▶ TASK STATEMENT
Filter the records for "Brown" and keep each line that has it.

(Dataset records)

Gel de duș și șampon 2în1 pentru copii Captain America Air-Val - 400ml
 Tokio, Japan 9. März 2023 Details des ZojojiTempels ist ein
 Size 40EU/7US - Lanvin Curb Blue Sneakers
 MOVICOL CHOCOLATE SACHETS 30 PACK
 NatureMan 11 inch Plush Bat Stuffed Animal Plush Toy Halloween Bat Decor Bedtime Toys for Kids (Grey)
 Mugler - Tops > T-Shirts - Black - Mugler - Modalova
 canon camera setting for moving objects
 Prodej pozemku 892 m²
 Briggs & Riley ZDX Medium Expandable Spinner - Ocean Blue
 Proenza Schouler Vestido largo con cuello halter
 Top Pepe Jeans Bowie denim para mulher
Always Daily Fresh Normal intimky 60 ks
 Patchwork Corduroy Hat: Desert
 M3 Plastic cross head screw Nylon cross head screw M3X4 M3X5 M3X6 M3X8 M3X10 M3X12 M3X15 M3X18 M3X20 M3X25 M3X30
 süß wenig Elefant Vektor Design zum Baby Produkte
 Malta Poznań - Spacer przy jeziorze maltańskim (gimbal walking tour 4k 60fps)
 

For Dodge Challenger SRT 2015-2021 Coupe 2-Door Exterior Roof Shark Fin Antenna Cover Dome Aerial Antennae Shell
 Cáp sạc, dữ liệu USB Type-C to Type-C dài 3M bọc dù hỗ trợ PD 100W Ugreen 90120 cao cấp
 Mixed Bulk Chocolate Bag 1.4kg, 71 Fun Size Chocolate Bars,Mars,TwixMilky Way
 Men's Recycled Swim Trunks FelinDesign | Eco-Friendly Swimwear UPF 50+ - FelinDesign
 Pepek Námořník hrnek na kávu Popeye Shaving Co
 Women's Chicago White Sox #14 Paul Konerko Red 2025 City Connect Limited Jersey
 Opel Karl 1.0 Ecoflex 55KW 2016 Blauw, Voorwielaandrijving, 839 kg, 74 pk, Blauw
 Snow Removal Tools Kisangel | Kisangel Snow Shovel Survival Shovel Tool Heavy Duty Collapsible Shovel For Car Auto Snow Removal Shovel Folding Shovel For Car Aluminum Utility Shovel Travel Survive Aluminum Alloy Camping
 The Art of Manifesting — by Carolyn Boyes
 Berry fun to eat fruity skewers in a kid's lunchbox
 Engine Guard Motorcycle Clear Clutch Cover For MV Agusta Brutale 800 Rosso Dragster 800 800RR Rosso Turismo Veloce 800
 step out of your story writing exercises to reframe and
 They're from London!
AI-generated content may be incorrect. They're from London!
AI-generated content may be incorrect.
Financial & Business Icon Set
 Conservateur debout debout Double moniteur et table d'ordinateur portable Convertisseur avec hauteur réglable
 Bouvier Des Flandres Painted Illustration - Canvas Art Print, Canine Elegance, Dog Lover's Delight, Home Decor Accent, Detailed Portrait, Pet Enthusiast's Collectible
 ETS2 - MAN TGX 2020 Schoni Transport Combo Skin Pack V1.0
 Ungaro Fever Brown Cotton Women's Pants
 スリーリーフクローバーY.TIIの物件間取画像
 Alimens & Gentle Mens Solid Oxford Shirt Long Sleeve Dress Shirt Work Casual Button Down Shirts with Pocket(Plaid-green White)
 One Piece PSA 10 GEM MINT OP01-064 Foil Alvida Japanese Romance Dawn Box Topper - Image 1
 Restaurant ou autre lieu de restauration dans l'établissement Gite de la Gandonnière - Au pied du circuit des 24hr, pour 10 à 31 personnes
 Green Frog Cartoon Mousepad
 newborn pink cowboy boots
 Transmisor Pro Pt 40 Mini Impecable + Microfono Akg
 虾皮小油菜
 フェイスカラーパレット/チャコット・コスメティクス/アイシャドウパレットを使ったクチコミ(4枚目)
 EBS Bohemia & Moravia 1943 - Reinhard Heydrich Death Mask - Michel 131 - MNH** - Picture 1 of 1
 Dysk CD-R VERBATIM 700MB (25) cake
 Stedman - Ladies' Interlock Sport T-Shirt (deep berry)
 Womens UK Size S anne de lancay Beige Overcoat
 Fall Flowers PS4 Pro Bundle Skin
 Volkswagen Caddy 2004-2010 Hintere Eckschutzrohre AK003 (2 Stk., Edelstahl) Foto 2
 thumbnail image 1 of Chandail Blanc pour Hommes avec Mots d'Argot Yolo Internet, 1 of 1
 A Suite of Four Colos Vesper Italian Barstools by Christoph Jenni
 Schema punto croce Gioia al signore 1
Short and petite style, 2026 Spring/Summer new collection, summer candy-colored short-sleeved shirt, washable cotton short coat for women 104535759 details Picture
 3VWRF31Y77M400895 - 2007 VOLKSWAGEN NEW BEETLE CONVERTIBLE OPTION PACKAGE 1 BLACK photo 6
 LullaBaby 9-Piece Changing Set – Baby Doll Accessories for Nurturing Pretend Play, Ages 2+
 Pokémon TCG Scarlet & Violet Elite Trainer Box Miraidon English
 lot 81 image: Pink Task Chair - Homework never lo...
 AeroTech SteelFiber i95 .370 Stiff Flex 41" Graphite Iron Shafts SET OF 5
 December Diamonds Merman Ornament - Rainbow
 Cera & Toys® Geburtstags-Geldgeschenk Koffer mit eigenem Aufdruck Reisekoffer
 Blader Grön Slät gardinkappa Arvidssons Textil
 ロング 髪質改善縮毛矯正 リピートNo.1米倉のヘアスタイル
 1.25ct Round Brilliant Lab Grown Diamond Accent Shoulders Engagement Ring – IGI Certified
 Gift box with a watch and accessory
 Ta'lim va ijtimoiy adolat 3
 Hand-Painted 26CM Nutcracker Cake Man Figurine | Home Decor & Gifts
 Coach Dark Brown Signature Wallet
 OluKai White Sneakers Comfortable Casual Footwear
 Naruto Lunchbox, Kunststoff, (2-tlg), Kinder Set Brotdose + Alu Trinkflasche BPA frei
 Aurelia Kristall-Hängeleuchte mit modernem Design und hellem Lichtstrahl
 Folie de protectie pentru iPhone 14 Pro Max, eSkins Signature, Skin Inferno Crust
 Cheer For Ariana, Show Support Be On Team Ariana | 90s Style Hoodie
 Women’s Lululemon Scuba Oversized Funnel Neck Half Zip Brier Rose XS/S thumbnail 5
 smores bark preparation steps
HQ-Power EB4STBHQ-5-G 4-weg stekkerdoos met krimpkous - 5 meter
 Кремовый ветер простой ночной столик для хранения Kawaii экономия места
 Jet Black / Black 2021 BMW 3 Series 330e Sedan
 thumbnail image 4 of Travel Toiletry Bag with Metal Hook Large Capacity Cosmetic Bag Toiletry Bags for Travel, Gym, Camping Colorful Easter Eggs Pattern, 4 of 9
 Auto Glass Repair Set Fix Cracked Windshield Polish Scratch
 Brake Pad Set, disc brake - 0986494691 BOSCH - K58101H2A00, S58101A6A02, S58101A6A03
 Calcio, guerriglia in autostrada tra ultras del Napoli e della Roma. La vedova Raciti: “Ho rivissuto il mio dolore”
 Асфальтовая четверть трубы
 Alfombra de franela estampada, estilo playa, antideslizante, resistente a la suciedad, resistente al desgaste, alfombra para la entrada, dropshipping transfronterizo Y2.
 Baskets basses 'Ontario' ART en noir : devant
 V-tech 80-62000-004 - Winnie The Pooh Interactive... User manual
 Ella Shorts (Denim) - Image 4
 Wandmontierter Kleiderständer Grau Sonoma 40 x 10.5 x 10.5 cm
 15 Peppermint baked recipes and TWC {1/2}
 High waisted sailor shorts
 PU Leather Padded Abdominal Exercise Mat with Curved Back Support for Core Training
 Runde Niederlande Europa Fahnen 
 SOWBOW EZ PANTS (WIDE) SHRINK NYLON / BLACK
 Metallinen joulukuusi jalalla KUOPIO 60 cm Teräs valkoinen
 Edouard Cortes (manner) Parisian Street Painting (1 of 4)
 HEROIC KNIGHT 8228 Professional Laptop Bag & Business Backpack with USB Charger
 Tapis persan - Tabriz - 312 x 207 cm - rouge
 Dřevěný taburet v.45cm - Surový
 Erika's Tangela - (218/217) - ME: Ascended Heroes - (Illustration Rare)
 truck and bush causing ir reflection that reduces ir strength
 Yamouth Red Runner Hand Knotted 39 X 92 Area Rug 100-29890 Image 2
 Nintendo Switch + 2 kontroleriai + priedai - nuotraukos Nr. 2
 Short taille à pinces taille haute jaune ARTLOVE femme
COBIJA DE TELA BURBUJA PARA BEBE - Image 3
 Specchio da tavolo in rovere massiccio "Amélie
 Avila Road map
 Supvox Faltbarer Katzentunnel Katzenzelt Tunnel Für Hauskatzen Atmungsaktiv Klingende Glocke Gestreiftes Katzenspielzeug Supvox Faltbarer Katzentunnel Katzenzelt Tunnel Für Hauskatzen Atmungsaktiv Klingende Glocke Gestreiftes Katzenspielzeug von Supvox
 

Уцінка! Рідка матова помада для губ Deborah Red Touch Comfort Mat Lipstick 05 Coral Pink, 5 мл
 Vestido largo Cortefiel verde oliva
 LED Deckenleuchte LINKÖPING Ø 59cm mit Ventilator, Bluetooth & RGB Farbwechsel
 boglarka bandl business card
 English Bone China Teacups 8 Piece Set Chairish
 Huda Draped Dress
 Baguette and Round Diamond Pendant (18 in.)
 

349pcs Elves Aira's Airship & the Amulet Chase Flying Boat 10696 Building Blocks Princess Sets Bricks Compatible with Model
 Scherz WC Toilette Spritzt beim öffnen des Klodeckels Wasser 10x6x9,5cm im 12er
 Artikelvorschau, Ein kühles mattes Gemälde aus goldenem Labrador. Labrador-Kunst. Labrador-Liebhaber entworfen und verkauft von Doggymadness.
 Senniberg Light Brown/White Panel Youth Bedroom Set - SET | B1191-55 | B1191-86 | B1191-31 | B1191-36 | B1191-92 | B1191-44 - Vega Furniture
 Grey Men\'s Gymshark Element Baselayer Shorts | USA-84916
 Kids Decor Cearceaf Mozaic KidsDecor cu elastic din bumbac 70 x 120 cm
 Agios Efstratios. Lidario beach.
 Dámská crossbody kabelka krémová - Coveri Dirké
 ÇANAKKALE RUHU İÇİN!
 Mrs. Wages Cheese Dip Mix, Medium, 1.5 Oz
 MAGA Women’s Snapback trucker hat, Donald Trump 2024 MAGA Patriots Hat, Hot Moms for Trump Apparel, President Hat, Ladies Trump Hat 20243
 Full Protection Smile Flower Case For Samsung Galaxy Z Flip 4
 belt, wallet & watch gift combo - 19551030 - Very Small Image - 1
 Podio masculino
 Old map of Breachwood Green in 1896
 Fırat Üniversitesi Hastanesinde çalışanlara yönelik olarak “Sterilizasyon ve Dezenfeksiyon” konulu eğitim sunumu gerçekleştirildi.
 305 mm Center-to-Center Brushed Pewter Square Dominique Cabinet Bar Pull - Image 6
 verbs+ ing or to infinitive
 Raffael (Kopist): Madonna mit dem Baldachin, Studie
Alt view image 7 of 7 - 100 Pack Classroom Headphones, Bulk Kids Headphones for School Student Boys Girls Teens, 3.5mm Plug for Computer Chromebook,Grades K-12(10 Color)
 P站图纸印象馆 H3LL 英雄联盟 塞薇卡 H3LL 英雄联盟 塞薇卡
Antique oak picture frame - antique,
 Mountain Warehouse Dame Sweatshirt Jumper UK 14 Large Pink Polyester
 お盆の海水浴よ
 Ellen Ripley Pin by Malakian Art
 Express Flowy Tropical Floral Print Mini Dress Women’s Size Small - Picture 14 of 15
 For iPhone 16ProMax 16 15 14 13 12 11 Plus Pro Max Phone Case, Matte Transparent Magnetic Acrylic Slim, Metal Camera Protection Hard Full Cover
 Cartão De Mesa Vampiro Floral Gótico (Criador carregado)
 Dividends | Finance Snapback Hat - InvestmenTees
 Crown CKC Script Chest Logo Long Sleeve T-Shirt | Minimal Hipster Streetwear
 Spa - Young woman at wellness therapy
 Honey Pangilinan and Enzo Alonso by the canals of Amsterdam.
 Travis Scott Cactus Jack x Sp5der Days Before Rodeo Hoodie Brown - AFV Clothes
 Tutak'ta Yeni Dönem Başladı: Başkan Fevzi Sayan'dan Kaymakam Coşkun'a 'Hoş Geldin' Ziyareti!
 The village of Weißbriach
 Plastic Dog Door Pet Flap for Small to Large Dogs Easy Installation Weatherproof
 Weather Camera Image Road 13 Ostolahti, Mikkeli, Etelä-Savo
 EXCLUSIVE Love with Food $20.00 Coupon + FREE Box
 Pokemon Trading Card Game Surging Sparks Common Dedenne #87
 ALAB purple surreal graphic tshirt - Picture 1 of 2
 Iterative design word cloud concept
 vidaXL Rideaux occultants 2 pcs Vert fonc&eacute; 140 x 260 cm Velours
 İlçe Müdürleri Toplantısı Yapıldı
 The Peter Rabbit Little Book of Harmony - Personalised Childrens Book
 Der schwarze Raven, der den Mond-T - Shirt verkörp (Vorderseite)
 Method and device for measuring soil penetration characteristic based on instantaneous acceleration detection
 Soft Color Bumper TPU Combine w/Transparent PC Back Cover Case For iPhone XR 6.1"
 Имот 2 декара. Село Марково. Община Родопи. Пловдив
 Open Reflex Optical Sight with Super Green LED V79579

▶ REPLY
 Ungaro Fever Brown Cotton Women's Pants
 Coach Dark Brown Signature Wallet
 Senniberg Light Brown/White Panel Youth Bedroom Set - SET | B1191-55 | B1191-86 | B1191-31 | B1191-36 | B1191-92 | B1191-44 - Vega Furniture
 Travis Scott Cactus Jack x Sp5der Days Before Rodeo Hoodie Brown - AFV Clothes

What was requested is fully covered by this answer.